The argument was, unbelievably, about the continuing need for feminism, which my adversary contended was out of date. “Can you name a single instance in your life where you’ve been discriminated against?” My failure to come up with one was her moment of triumph: I couldn’t name any personal discrimination, therefore feminism as a concept is dead. Hail, hail, a toast with the cheap white wine at this policy event where we so blithely celebrate our achievements in assessing and passing judgement on the lives and work of others.
It is true that I live a life of privilege and it takes meticulous thought on my part to identify times where my gender has negatively impacted my work or my education. Out of the heat of the moment, a little heap of these moments has collected in my brain, fodder for a cannon I’ll never fire. And those are only the ones I actually recognise, not the ones where others’ or my own unconscious bias played a part in leaving a door closed, an offer ungiven.
The thing that left me speechless overall, the thing I wasn’t able to get out of my mouth to this triumphant woman, is that the mental and emotional work I put into feminism and other -isms isn’t to advance my own personal status or position but to understand the experience of others.
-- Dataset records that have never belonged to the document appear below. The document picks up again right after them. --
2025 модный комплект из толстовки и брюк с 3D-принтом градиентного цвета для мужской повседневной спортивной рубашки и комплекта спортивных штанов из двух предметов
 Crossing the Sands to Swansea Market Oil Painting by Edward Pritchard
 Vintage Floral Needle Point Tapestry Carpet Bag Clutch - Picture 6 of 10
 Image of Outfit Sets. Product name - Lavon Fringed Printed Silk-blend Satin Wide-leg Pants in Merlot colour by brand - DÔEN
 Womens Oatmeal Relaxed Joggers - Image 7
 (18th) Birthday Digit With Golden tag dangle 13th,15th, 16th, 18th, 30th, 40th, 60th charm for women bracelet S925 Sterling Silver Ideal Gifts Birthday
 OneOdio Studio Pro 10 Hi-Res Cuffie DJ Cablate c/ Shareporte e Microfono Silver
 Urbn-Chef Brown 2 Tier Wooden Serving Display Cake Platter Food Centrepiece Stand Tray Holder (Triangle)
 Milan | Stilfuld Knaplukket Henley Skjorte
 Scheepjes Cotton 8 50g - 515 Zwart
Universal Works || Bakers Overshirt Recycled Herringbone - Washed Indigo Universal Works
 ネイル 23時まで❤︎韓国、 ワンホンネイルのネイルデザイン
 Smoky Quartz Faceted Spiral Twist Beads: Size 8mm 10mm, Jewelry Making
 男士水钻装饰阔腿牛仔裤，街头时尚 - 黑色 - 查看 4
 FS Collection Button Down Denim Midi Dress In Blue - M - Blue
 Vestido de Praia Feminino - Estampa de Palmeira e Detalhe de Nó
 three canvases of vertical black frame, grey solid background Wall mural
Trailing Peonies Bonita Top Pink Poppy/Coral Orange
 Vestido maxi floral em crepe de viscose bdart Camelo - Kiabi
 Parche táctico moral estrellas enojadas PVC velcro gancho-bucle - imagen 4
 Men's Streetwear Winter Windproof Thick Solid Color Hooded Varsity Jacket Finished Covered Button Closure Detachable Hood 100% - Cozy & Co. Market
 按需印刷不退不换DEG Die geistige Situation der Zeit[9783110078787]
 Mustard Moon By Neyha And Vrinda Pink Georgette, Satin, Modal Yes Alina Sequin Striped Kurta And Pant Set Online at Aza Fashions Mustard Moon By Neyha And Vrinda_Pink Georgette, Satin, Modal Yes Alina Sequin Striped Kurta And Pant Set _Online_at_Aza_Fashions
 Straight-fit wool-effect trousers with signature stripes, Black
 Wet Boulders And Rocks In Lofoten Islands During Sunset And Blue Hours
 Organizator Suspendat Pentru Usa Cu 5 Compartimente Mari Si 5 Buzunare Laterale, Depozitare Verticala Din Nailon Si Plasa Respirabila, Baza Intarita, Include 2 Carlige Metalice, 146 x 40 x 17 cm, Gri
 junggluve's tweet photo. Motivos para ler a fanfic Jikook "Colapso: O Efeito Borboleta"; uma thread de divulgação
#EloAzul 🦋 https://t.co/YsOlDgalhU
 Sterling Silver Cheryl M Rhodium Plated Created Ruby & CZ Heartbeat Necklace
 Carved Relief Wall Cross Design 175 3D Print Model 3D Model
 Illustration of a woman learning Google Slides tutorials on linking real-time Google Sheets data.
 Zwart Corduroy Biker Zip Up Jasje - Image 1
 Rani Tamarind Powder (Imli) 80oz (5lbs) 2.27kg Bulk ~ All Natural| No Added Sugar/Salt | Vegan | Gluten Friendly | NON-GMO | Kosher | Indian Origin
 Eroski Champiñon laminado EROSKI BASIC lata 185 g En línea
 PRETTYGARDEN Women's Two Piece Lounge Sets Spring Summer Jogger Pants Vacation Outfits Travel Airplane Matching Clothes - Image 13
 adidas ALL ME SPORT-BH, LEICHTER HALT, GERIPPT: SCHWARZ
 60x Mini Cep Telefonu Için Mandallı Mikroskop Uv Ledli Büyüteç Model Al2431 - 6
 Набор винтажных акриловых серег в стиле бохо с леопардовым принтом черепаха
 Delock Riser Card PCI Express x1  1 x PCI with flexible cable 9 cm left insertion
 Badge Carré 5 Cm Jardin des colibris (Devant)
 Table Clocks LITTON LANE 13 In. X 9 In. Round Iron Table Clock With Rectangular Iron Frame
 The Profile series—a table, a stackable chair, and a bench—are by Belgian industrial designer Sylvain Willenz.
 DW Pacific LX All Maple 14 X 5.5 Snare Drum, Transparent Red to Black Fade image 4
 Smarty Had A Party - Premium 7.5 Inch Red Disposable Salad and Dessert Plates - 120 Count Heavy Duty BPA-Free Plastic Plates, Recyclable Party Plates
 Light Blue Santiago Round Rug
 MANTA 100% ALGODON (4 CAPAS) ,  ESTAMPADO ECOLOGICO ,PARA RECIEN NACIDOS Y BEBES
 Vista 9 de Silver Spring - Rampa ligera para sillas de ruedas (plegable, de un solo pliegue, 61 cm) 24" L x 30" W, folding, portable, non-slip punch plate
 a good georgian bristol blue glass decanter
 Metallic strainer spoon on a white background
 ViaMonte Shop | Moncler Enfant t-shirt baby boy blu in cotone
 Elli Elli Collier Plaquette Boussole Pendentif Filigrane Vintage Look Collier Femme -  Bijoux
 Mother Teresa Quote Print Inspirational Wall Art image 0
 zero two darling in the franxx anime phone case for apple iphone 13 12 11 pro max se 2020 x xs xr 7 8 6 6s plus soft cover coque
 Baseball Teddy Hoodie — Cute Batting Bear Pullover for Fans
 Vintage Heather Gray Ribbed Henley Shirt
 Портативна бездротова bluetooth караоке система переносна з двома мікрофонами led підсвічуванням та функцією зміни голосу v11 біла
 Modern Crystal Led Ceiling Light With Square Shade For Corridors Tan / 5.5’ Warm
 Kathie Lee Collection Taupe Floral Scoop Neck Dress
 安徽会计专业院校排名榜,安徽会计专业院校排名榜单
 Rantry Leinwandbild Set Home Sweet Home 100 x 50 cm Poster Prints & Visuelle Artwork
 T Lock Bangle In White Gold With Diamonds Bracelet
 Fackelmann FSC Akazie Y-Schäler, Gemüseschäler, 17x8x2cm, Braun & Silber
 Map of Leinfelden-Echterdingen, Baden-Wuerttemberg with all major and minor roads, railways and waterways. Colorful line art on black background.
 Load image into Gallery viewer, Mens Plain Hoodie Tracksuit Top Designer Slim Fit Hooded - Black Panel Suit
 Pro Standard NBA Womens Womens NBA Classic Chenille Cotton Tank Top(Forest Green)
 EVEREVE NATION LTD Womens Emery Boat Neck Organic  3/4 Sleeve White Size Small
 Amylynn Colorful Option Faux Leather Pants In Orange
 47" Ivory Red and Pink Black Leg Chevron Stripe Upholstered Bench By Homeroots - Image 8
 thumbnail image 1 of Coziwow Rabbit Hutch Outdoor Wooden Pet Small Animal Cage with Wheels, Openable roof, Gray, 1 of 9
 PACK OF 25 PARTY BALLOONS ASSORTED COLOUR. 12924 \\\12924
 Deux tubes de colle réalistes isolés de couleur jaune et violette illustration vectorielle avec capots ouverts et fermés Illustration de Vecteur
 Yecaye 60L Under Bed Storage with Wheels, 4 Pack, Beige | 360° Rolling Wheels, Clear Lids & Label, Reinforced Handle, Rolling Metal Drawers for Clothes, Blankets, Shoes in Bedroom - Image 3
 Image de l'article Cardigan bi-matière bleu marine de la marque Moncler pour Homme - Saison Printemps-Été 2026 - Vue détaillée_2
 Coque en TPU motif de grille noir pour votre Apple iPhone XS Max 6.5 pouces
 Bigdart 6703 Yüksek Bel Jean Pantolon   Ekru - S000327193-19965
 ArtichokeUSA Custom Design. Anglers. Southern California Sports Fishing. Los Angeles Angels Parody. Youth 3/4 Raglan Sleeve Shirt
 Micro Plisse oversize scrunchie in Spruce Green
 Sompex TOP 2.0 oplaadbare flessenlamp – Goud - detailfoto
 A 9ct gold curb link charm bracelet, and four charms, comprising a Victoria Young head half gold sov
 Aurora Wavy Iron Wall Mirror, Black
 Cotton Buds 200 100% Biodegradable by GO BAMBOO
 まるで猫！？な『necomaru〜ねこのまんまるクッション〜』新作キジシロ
Doing that work might indeed help me advocate for myself, directly or indirectly. But its most important role in my life is to help me appreciate the difficulties that others go through, sometimes at my instigation (directly or indirectly), and to mitigate those inequalities to the best of my ability.
More than ever I believe in the importance of this work. Something that had become a noble yet abstract ideal was brought back into sharp and personal focus by this moment, renewing my zeal for personally working in every way that I know how for a more equitable society. If you see me smiling triumphantly, it is a recognition of this opportunity to renew my commitment.
I doubt there are many competent women who have not been “limited” for their gender. From being put forward to a job I was ideally qualified for and finding they were only looking for men (in Saudi Arabia), to being called “too forward” and “too confident”, or a host of other things-every woman will at times think-would you really treat me like this if I was male?
I see my students, and the loss of women at every step-women who frequently lack positive role models to show that they can do it, and there are opportunities, women who hear “a woman with a PhD is the third gender” as they contemplate the implications of doing a PhD on their career and marriage prospects. Women who get told “women can’t do fieldwork” or “women are no good at statistics”……when exposed to a constant stream of limitations-people may accept them, rather than battling to show they are capable.
Sadly many men and some women also think that there is no longer an issue, blithely ignoring the weight of published studies showing the unconcious biases in every step-from assessing CVs to teaching ability in controlled experiments where ranking’s were done based on the same material with a male or a female name assigned.
Feminism will be needed until we deal with the subconcious as well as the overt biases in society….and sadly in many societies that may be a long time coming
Thanks for sharing your thoughts Alice. I think a step in the right direction is continuing to be vocal about the ongoing biases that women and other minorites face, and not to take for granted that everyone is working from the same set of assumptions and understandings about this.